Nazis exaggerated Dresden death toll, German historians conclude

This item has been posted due to the fact that many Neo-Nazi's on line like to use the Dresden bombing as a rebuttal to what the Nazi's did during the war, so many of them will not be happy about this news item, including holocaust denier David Irvine and UK's BNP leader Nick Griffin.

Nazi claims that as many as 500,000 people died during the Allied bombing of Dresden in the Second World War were exaggerated, a group of German scientists have concluded.
Official estimates by the local authorities after the end of the war estimated the number of dead to be around 25,000.

But far-right groups claimed that up to 500,000 people were killed in the attack, by 1,300 British and US bombers between February 13 and 15 in 1945.
Allied critics have claimed that the attack constituted a war crime which had no strategic aim since Germany was already close to defeat and the targets were civilian rather than military.

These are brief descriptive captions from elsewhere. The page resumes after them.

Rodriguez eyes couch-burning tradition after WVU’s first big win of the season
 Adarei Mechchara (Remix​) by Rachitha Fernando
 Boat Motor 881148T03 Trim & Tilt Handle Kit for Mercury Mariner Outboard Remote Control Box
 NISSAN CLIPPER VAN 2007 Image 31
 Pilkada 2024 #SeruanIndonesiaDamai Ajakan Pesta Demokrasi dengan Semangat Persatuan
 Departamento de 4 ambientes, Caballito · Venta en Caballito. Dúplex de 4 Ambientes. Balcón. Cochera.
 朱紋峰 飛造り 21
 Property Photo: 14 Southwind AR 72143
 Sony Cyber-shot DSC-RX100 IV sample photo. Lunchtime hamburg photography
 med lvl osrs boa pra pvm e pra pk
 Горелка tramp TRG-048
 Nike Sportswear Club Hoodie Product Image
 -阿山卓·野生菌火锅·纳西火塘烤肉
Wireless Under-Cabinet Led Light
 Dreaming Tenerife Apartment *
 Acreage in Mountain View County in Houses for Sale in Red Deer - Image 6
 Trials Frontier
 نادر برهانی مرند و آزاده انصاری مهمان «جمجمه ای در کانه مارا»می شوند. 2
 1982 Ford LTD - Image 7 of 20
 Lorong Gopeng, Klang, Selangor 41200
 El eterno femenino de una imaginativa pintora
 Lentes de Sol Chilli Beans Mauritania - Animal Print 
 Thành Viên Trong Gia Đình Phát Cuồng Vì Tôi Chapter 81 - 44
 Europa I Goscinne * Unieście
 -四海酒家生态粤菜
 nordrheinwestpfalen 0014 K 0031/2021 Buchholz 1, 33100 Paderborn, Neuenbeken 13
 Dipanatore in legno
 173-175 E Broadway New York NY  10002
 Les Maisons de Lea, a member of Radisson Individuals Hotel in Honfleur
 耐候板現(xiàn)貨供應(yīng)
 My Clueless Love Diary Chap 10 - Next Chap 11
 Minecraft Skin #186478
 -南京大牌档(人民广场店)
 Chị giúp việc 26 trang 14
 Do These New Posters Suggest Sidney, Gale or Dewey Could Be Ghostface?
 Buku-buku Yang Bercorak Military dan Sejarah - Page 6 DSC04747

Now, five years of research by a team of historians from the Dresden Historians’ Commission has confirmed that 25,000 died in the celebrated Baroque city.
The team reviewed records from city archives, cemeteries, official registries and courts and compared them to published reports and witness accounts.
Their study also shows fewer refugees fleeing the Eastern Front were killed in the bombing than previously thought, and dismissed claims that many of the victims' bodies were never recovered.
The historians said their findings would have far-reaching implications for how people saw the final chapter of the war and the role of the Germans.
But some were quick to condemn the findings. Within an hour of their publication, 150 protesters had marched on Dresden town hall and Ralf Lunau, the city’s cultural commissioner, announced that: “This has not ended the debate at all.”
Among those who claimed Dresden was a war crime was controversial British historian David Irvine. In his 1963 book, The Destruction of Dresden, he cited figures in a Nazi document reporting that 202,400 people had perished.
According to Frederick Taylor, another historian cited by The Times, the Nazis had simply added an extra '0' to the total.
The bombing has long been a cause of Anglo-German tensions and when the Queen visited the city in 1992, eggs were thrown at her by protesters demanding an apology.